Therefore, after the first environmental information, the first vehicle information and the first map information corresponding to the first historical simulation time are obtained, the information is input into an initial model (namely, the intelligent agent) used by the training, a first control strategy output by the initial model can be obtained, further, according to the first control strategy, the target simulation vehicle is subjected to simulation control through a simulation system, a series of new simulation data for the target simulation vehicle is generated, then, the specified vehicle parameters of the target simulation vehicle at the second historical simulation time (the next simulation time of the first simulation time) are obtained from the simulation data and serve as first actual vehicle parameters, meanwhile, the ideal vehicle parameters of the target simulation vehicle corresponding to the second historical simulation time are obtained and serve as first reference vehicle parameters, the reward function value of the training is determined according to the deviation degree between the first environmental information, the initial model is optimized according to the reward function value, and the decision model is obtained. Illustratively, the inverse of the deviation may be set as the value of the reward function.

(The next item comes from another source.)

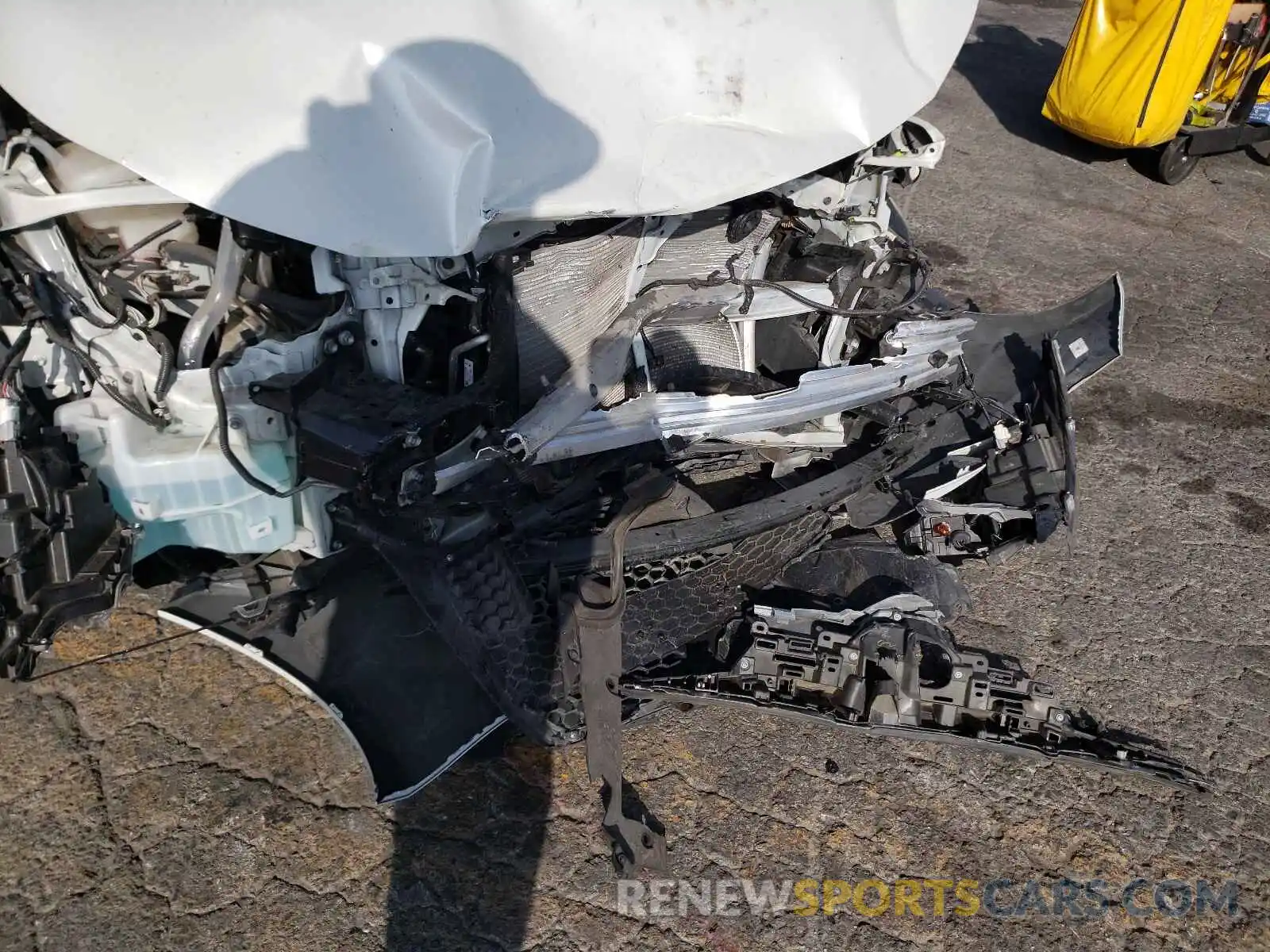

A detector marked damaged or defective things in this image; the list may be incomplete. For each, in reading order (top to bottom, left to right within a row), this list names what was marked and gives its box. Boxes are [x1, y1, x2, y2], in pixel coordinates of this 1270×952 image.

crumpled white hood [0, 0, 975, 257] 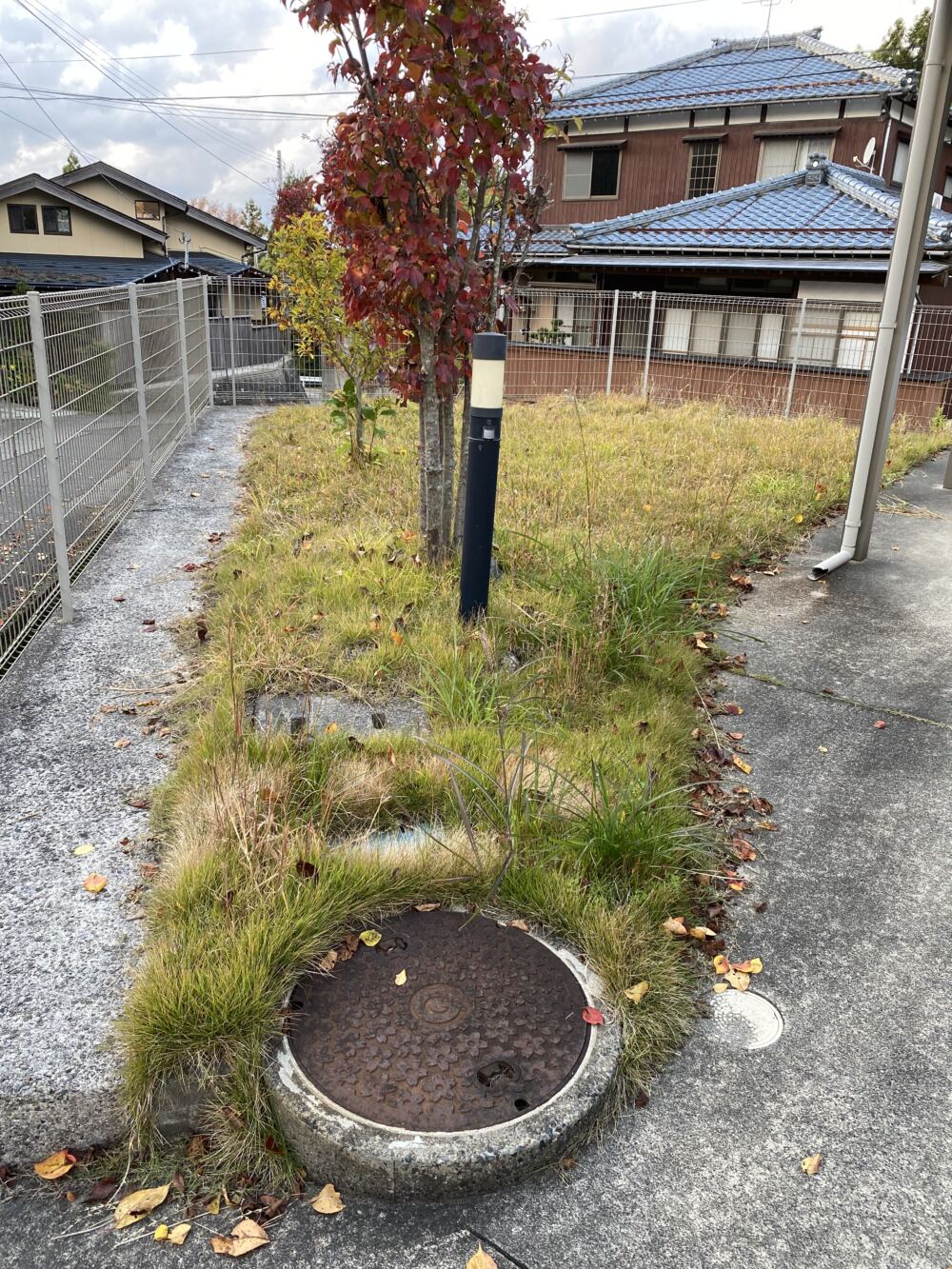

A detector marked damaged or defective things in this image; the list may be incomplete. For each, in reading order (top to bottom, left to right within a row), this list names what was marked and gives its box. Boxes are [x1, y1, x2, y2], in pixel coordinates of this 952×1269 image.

Wherein the specified vehicle parameters may include, but are not limited to, at least one of: curvature, position, steering angle, distance from the surrounding vehicle. For example, an evaluation index for a specific vehicle parameter may be set in advance, and for example, a correspondence between a deviation between an actual vehicle parameter and an ideal vehicle parameter corresponding to the specific vehicle parameter and a reward function value may be preset, and the deviation may be quantified. For example, the smaller the distance from the nearby vehicle, the larger the corresponding bonus function value.
Therefore, according to the target environment information, the target vehicle information and the target map information, the corresponding target control strategy can be obtained through the decision model. Thereafter, step 14 may be performed.
Illustratively, step 14 may include the steps of:
determining a simulation result for performing simulation control on the target simulation vehicle through a vehicle dynamics model according to a target control strategy;
and according to the simulation result, generating environment information and vehicle information corresponding to the target simulation vehicle at the next simulation time of the target simulation time, and storing the environment information and the vehicle information into the simulation system.
That is, the simulation system performs the next simulation on the target simulated vehicle according to the target control strategy and generates a series of simulation data, thereby updating the environmental model and the vehicle information of the target simulated vehicle at the next simulation time, and storing the information into the database of the simulation system.
According to the technical scheme, the target environment information and the target vehicle information of the target simulation vehicle corresponding to the target simulation moment are obtained from the simulation data generated by the simulation system, the target map information corresponding to the target simulation vehicle is obtained, the target environment information, the target vehicle information and the target map information are input into the decision model, the target control strategy output by the decision model is obtained, and the target simulation vehicle is subjected to simulation control through the simulation system according to the target control strategy. The decision model is obtained by training in a reinforcement learning mode according to simulation data generated by a simulation system. Therefore, the driving strategy generation of the simulation system can be assisted through reinforcement learning, the training of a decision model can be realized by utilizing a reinforcement learning mode based on the data of the simulation system, the simulation effect of the simulation system can be further improved, and the use scene of the simulation system is expanded.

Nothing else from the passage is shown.